Cicero is part of running double-act with his slave and amanuensis Tiro, who wrote a lost biography of his master and is the first-person narrator of Harris’s novels. Joseph Kloska breaks the fourth wall with great charm, a slightly aghast awareness of the dangers he’s being put through and a reflexive comic sense that he’s in what could be a cumbersome story-telling role, “This is getting very expositional,” chips in Cicero, after a lengthy informative start to one scene. In my view, the weakest aspect of the adaptation are jokes such as that, or the heavy handed way that contemporary parallels are underlined – Pompey sporting an improbable, orange, Mar-a-Lago coiffure when he marches back to Rome on a boost of auto-bombast – or Tiro’s quips about Caesar’s latest conquest: “a poky little hole nobody’s ever heard of called Britain. I believe it’s just beyond Europe.”
Nudging the audience in the ribs comes to seem a bit schoolboy, a slightly irritating and distracting tic. Not so much providing new insights into our own age as diminishing the events in Rome. And not needed given the wide-ranging applicability suggested by the magnificent performances of the principals. Joe Dixon is disturbingly enraged as Catiline and then magnetically wild and dangerous as Antony. Oliver Johnstone is unnervingly contained and watchful as Octavian, completely convinced of his own own deity. Tiro evokes Julius Caesar thus; “An athlete’s muscles under the loose-belted tunic of a scented dandy.” That’s what comes across in Peter de Jersey’s extraordinary portrayal – an alpha male, finely arrayed, who sees no valid political aim but self-glory and keeps a knife for readiness under his toga.

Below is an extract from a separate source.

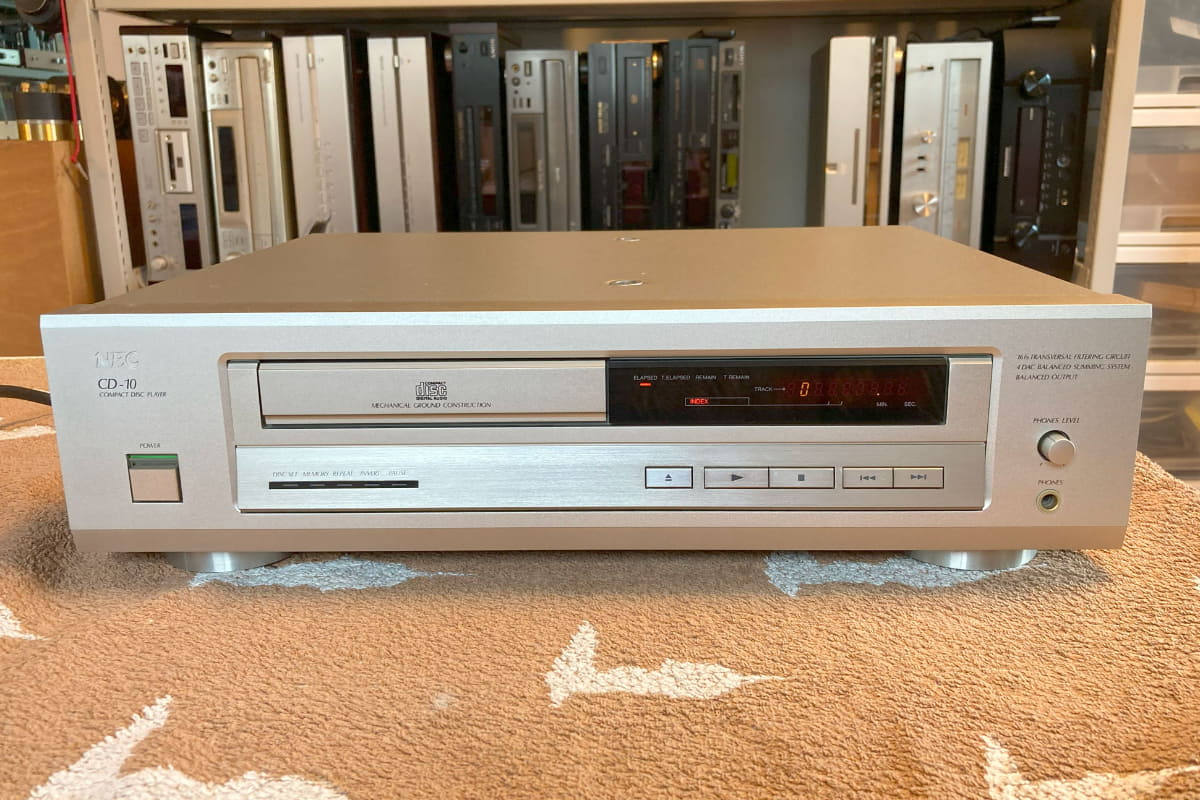 NEC(日本電気ホームエレクトロニクス)のCDプレーヤー「CD-10」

Imperium overlaps with events in Julius Caesar and Antony and Cleopatra and begins its life in Stratford just as this year’s RSC season of Roman Plays is transferring to London. You get some bracingly fresh perspectives on some familiar material. The sheer mess and panic caused by the fact that the Caesar’s assassins do not have a plan for beyond the killing and that there is strong support for their execution are brought home with raw, startling immediacy here as Cicero struggles to come to terms with the assassination and with why he was not included in the conspiracy. Apart from a few lines in Caesar, Shakespeare ignores this great statesmen almost completely. Putting him centre-stage for fascinating epic, the Royal Shakespeare Company is handsomely redressing the balance.